Many parents made statements about their perceived level of knowl

Many parents made statements about their perceived level of knowledge after talking with the interviewers. “I didn’t realise how ill-informed I am. You just sign off on all these forms…” (E, P5). Other parents asserted that following the interview they would research more information on their own. This is the first study to examine knowledge and understanding of HPV and HPV vaccination among adolescent girls and their parents

who have recently been involved in mass school-based HPV vaccination. Adolescents in particular had limited understanding about HPV and HPV vaccination and wanted this information. These findings have important implications for future cervical cancer prevention and safer sex behaviours among vaccinated adolescents and young women. Adolescents were not provided information tailored to their age PARP inhibitor group; information was only directed to parents, who are required by law to provide consent. Our data indicates that only requiring consent from parents, and only providing information to parents, contributed to adolescent knowledge gaps, though parental knowledge was also low. This raises questions for policy development regarding provision of age-appropriate information

and consent for adolescents in school-based immunisation programs.
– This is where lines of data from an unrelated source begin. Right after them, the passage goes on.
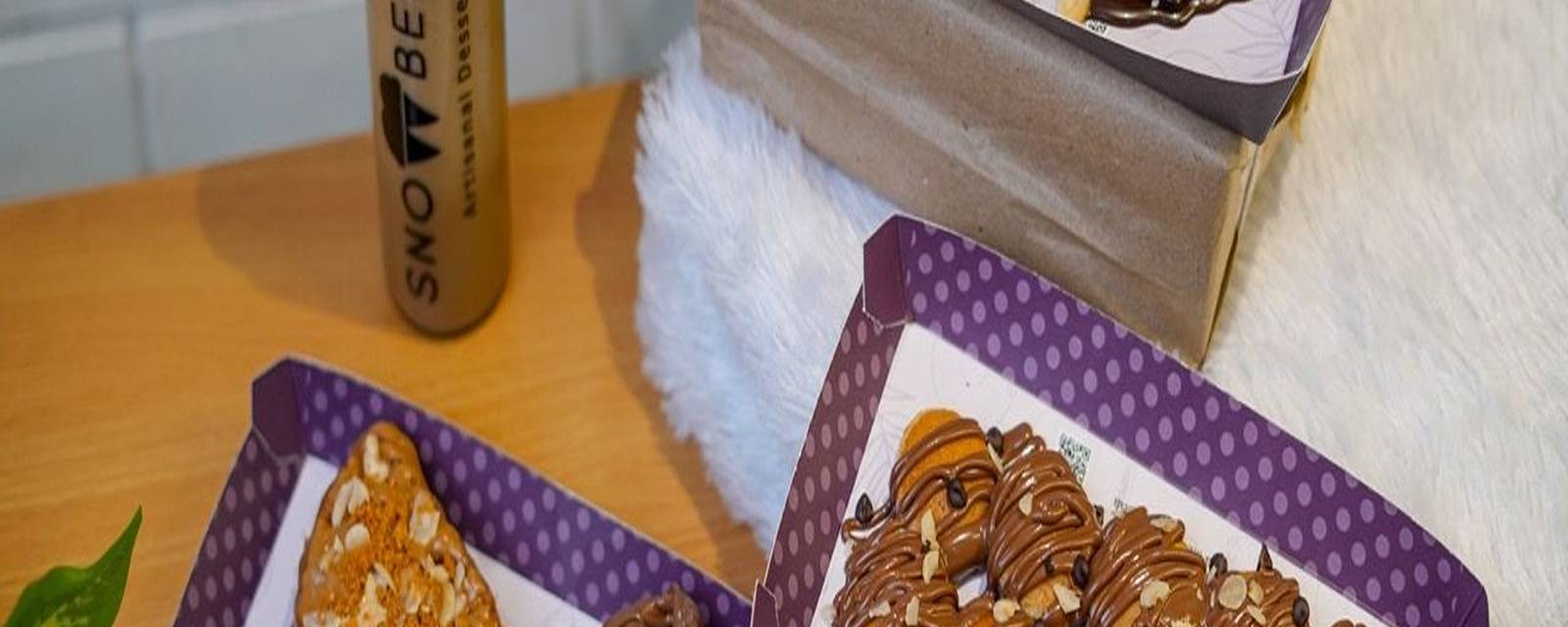 Snowberry Artisanal Desserts cover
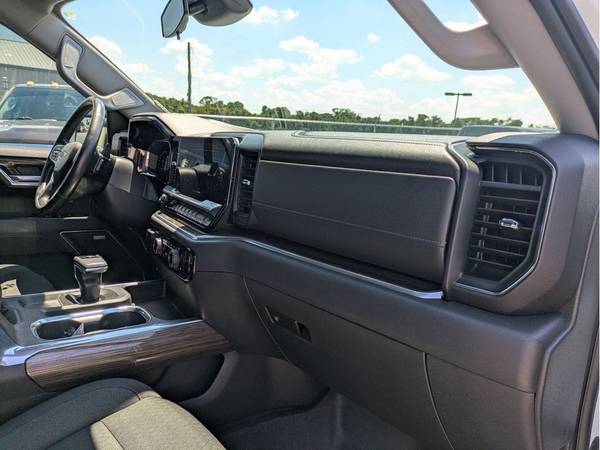 2022 Chevrolet Silverado 1500 LT Trail Boss! STK#510795. - $39,881 (MURFREESBORO)63624935969923122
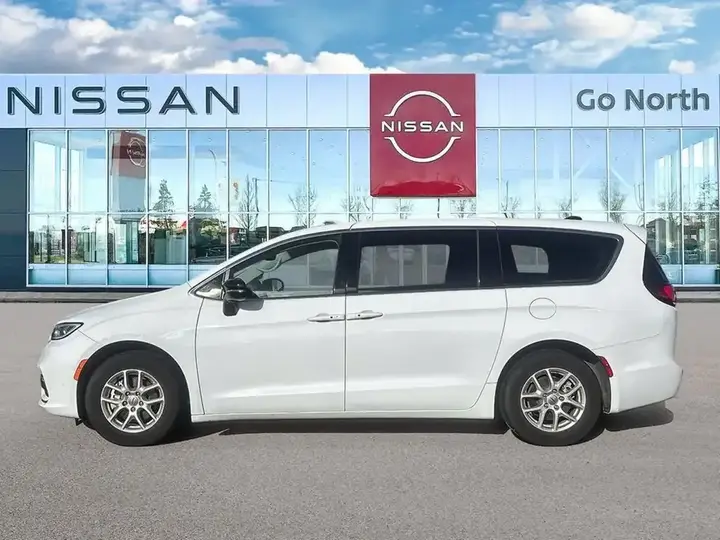 Chrysler Pacifica 2024 photo 3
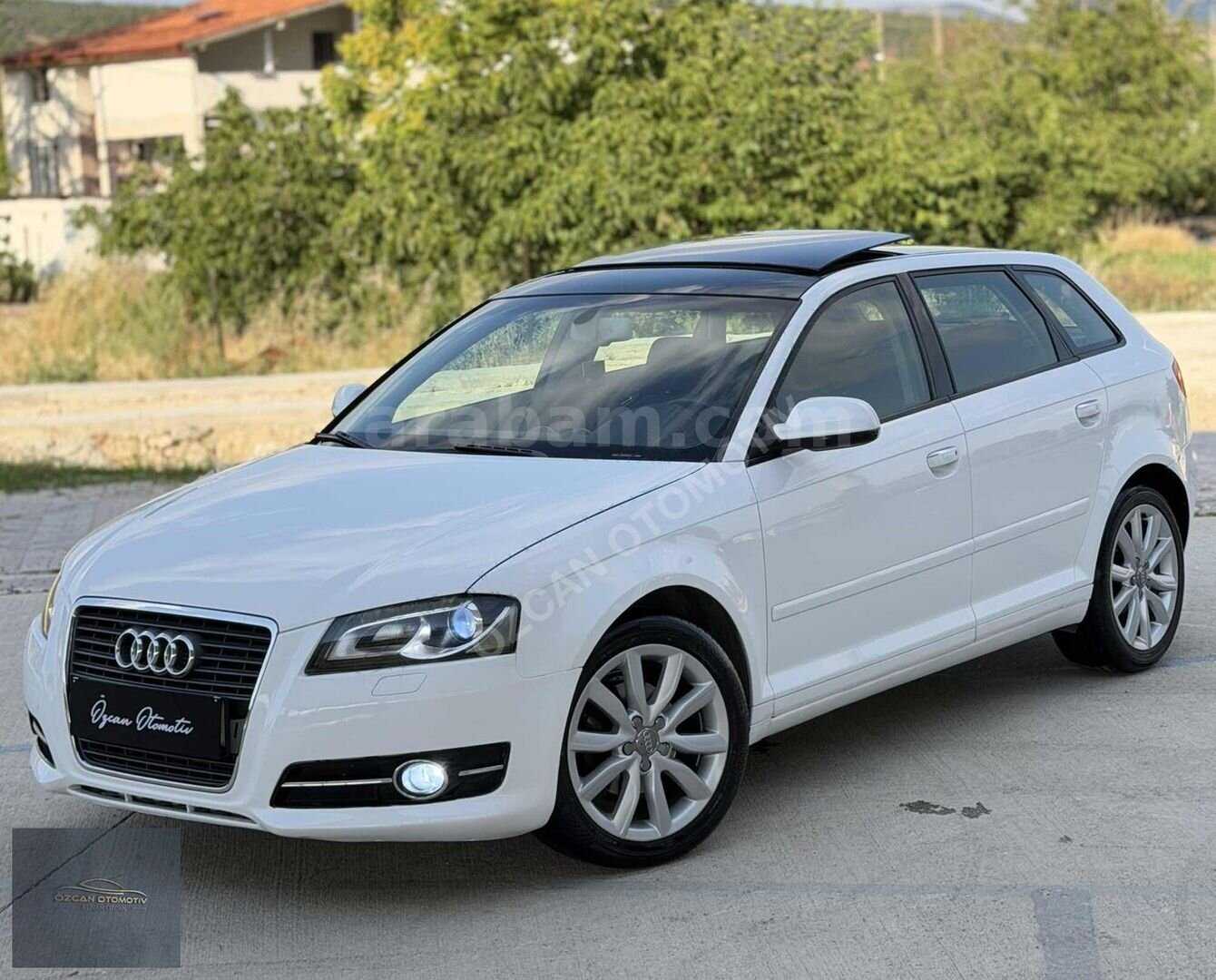 Galeriden Audi A3 Sportback 1.6 TDI Attraction 2012 Model Isparta 184.000 km Beyaz 1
Statutory law in NSW recognises young adolescents’ ability to provide informed consent to medical treatment if competent [17], and although the ERK signaling pathway inhibitor law also provides for the parent to consent for their adolescent, obtaining informed consent from both parties is strongly recommended in clinical settings [18]. Although other school-based vaccination programs face the same information delivery challenges, Casein kinase 1 the difference is that a lack of understanding about HPV vaccination may directly impact future health behaviours. It is crucial that adolescents understand the continued need for utilizing protection during sexual activity and for participating in cervical screening

in the future; our data indicates that adolescent understandings at the time of vaccination were unlikely to promote these behaviours. The findings about girls’ and parents’ confusion about age and target groups for HPV vaccination are consistent with past research on vaccine acceptability [19] and [20]. Our findings reflect a misconception that may arise from concerns about promiscuity or denial about sexual lives of adolescents. It has been reported that South Australian parents’ main concerns relate to side effects [21]. Most research in international populations has reported low levels of concerns about adolescent sexual activity [22], [23], [24], [25] and [26], but other qualitative work reports strong levels of concern [27]. It is possible that qualitative research has greater sensitivity to detect all the subtleties of sexual-related concerns.